▶ Problem description: Output every entry verbatim.
*** Extracted data
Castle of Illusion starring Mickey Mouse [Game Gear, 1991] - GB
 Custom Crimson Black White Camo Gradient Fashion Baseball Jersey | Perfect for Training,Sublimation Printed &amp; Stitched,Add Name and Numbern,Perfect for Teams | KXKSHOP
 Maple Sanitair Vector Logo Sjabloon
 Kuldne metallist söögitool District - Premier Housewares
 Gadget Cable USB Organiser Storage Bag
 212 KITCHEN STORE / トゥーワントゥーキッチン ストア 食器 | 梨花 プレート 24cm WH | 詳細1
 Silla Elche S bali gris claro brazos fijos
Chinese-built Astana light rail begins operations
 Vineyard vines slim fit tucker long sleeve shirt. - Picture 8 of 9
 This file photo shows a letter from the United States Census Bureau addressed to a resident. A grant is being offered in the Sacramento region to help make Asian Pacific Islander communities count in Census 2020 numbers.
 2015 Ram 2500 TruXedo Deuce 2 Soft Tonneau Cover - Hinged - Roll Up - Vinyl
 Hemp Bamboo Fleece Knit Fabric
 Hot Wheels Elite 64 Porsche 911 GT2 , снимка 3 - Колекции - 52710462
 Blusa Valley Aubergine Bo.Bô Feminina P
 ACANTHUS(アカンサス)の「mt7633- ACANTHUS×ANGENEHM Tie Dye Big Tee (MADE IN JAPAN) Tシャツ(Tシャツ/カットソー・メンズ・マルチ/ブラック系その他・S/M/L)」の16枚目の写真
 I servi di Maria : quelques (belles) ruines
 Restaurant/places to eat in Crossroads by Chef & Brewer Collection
******
▶ Answer box:
Castle of Illusion starring Mickey Mouse [Game Gear, 1991] - GB
 Custom Crimson Black White Camo Gradient Fashion Baseball Jersey | Perfect for Training,Sublimation Printed &amp; Stitched,Add Name and Numbern,Perfect for Teams | KXKSHOP
 Maple Sanitair Vector Logo Sjabloon
 Kuldne metallist söögitool District - Premier Housewares
 Gadget Cable USB Organiser Storage Bag
 212 KITCHEN STORE / トゥーワントゥーキッチン ストア 食器 | 梨花 プレート 24cm WH | 詳細1
 Silla Elche S bali gris claro brazos fijos
Chinese-built Astana light rail begins operations
 Vineyard vines slim fit tucker long sleeve shirt. - Picture 8 of 9
 This file photo shows a letter from the United States Census Bureau addressed to a resident. A grant is being offered in the Sacramento region to help make Asian Pacific Islander communities count in Census 2020 numbers.
 2015 Ram 2500 TruXedo Deuce 2 Soft Tonneau Cover - Hinged - Roll Up - Vinyl
 Hemp Bamboo Fleece Knit Fabric
 Hot Wheels Elite 64 Porsche 911 GT2 , снимка 3 - Колекции - 52710462
 Blusa Valley Aubergine Bo.Bô Feminina P
 ACANTHUS(アカンサス)の「mt7633- ACANTHUS×ANGENEHM Tie Dye Big Tee (MADE IN JAPAN) Tシャツ(Tシャツ/カットソー・メンズ・マルチ/ブラック系その他・S/M/L)」の16枚目の写真
 I servi di Maria : quelques (belles) ruines
 Restaurant/places to eat in Crossroads by Chef & Brewer Collection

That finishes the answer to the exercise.